Infrastructure & Permissions for e6data

The specific infrastructure and permissions required by e6data and instructions to create them are provided below:

Required Infrastructure

The following infrastructure required to run e6data must be created before setup:

  1. S3 Bucket

    • To store e6data operational logs, cache & usage data.

Required Permissions

The following permissions required to run e6data must be created before setup:

  • AWS IAM Roles & Policies for:

    • EKS Cluster

    • Karpenter

    • AWS ALB Ingress Controller

Create an S3 Bucket for e6data

An S3 bucket is required to store data required for the operation of the e6data workspace, eg: service logs, query results, state information, etc.

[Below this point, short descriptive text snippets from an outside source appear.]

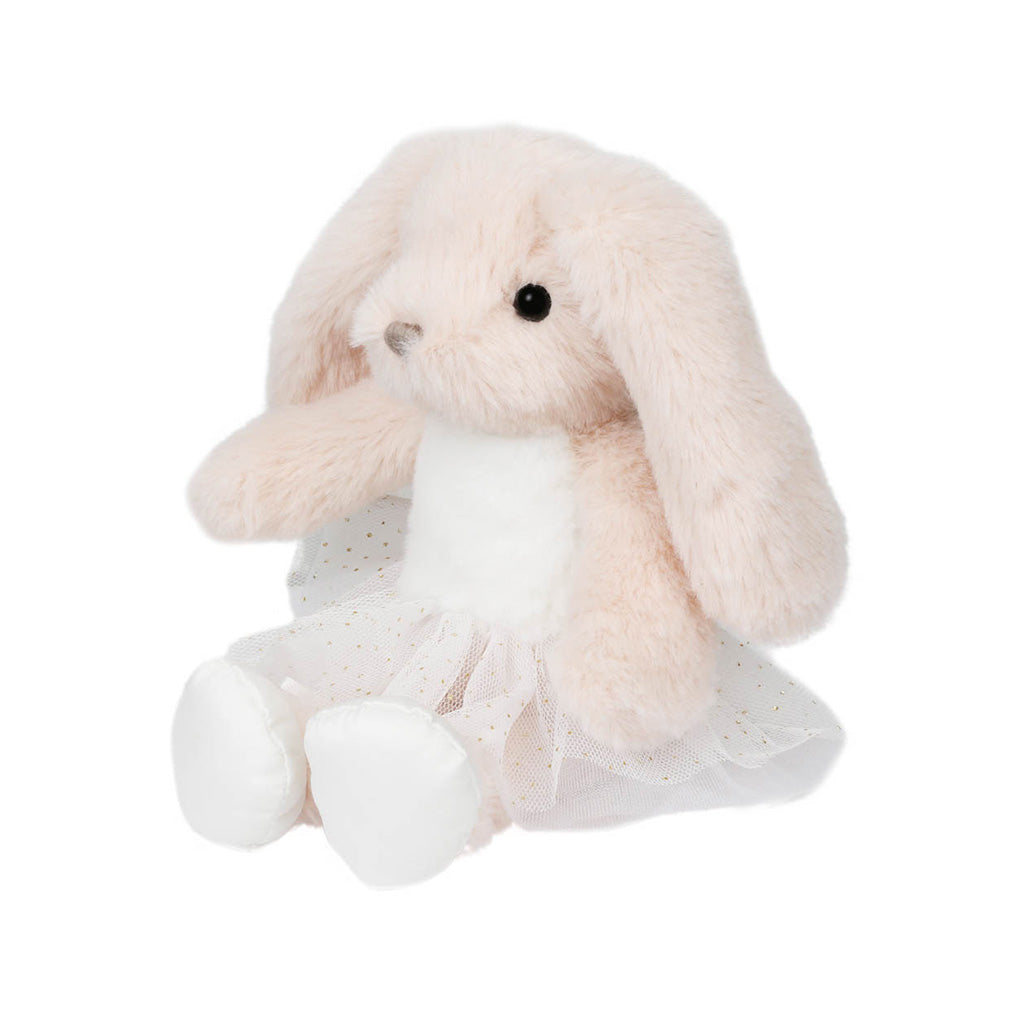 A plush bunny doll with long floppy ears, soft blush fur, a white front, and a white tutu dress with tiny gold speckles, seated against a plain white background.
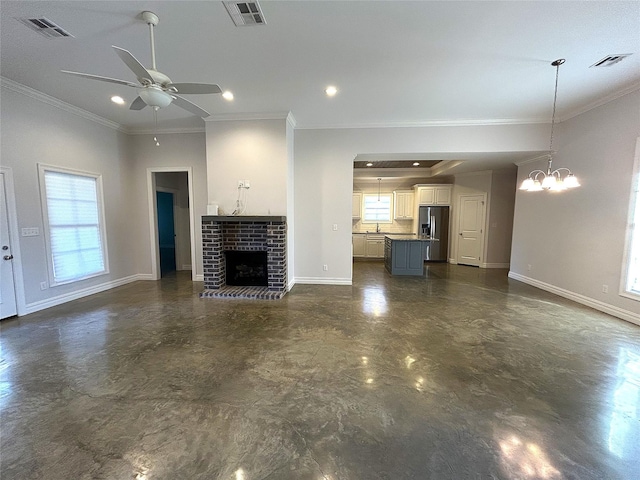 unfurnished living room with ornamental molding, a brick fireplace, and ceiling fan with notable chandelier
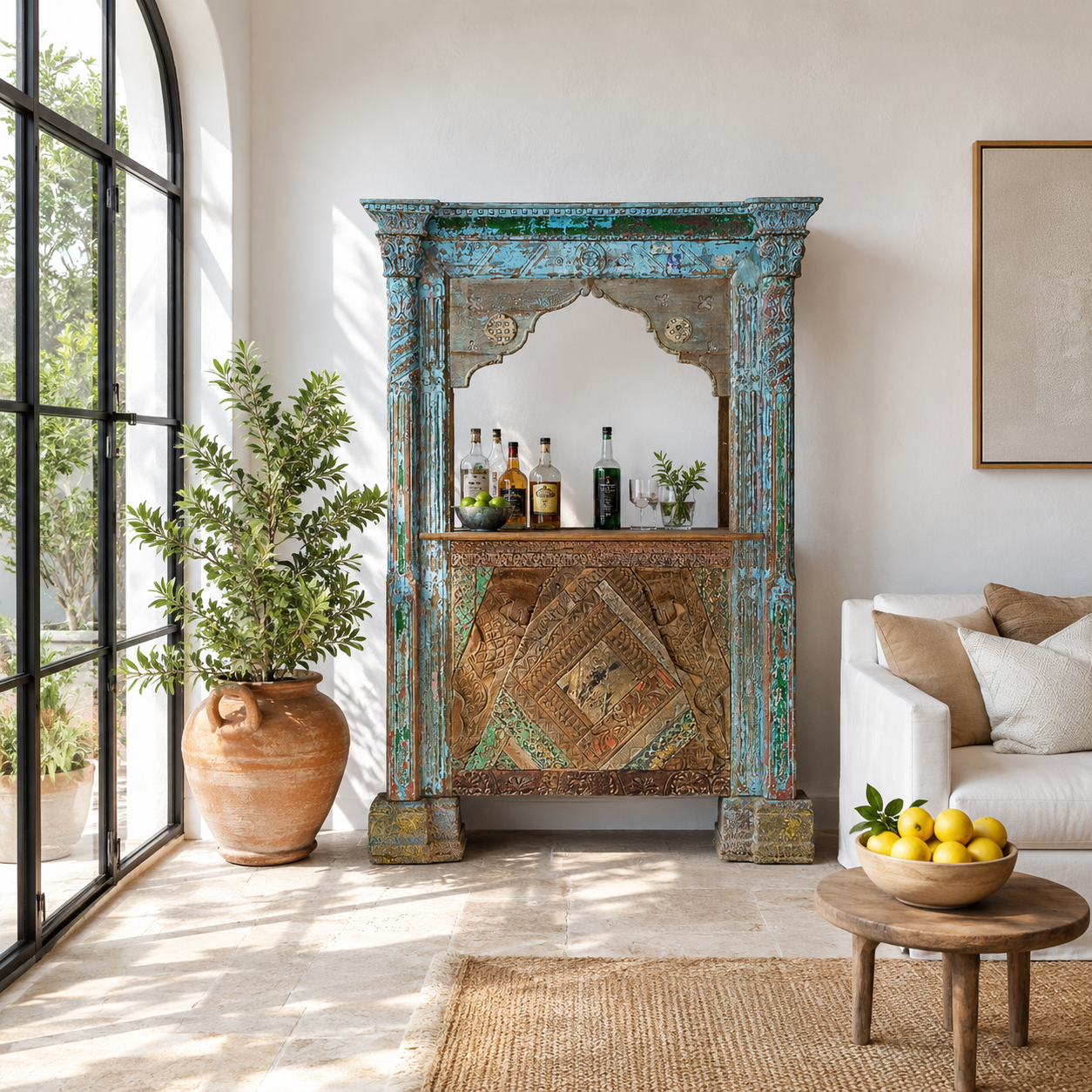 Lifestyle image of a vintage bar made of reclaimed antique teak wood with hand-carved detailing, unique wooden furniture with storage, 160 × 60 × 213 cm.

When creating an S3 bucket it is advisable to follow the best practices below.

S3 Bucket Best Practices
  • Enable versioning for the newly created bucket:

    1. In the AWS Management Console, go to the bucket's properties.

    2. Navigate to "Versioning" and enable it.

  • Enable server-side encryption for the bucket:

    1. In the AWS Management Console, go to the bucket's properties

    2. Navigate to "Default encryption"

    3. Select the encryption algorithm "AES-256"

    4. Make sure the “Enable the bucket key” option is enabled.

  • Block public access to the bucket:

    1. In the AWS Management Console, go to the bucket's properties

    2. Navigate to "Permissions"

    3. Click on "Block public access."

    4. Disable all public access settings and save the changes.

  • Enable logging for the bucket:

    1. In the AWS Management Console, go to the bucket's properties

    2. Navigate to "Logging"

    3. Choose a target bucket to store the logs and a prefix for the logs.

  • Configure the bucket's ACL to be private:

    1. In the AWS Management Console, go to the bucket's properties.

    2. Navigate to "Permissions"

    3. Select "Access Control List (ACL)"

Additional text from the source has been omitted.